In all employment cases, it must be determined whether the Complainant who has been the victim of discrimination shall be awarded their job back. The facts in this case do not support an order to rehire. The Complainant was properly terminated from the Respondent's employment after what can only be termed gross misconduct was discovered. While the Complainant was on sick leave recovering from her injury, Sarbacker took over the Complainant's day-to-day duties. Upon examining the Complainant's office, Sarbacker discovered medical samples that had been taken almost a year prior that had not been sent for analysis. She also found client records that had not been completed and records that should have been sent with a client that had not been sent. The Complainant does not seriously dispute these findings. The lack of attention to fecal samples is particularly shocking. Sarbacker also determined that the Complainant had failed to use the proper procedure to follow-up on a prescription for shoes for a client and that a client was allowed to continue on a dangerous medication for several months because of a failure to establish a follow-up medical appointment. The Complainant disputes her culpability with respects to these last two items. Her protests are not credible. These were items under her control and she should have seen that they were accomplished. Initial problems which the Complainant does not dispute were in themselves sufficient grounds for her dismissal without reference to the disputed items. Given these instances of neglect, there can be no consideration of ordering the Respondent to reinstate the Complainant as a Program Administrator. It would appear fortunate that the Respondent escaped liability for its neglect of its duty to its clients while the Complainant was a Program Administrator, it would be harsh to expect it to assume such a potential liability again.

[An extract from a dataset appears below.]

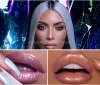 Private Label Lip glosses moisturizing shiny glitter clear lip gloss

With respect to the Complainant's claim that she was retaliated against by the Respondent for the filing of her complaint, she fails to meet her burden of proof. In essence, her case is that since the Respondent received the complaint on the same day that it sent its notice terminating her employment, that it must have been retaliation. She made no effort to contradict the explanation of the time sequence laid out by the Respondent. While the Complainant's position was sufficient for a finding of probably cause, it is insufficient at the hearing stage. I find that the Respondent's explanation of the sequence of events is entirely credible and is consistent with the operation of an enterprise with several different worksites. The Respondent clearly had sufficient cause to terminate the Complainant's employment without regard to its receipt of the Commission's complaint. The schedule of work performed by the Respondent's typing service supports the Respondent's explanation that the termination was sent before Sarbacker knew of the discrimination complaint. The Complainant has failed to demonstrate that the Respondent took its action of termination because of the complaint filed by the Complainant with the Commission.

Signed and dated this 28th day of September, 1992.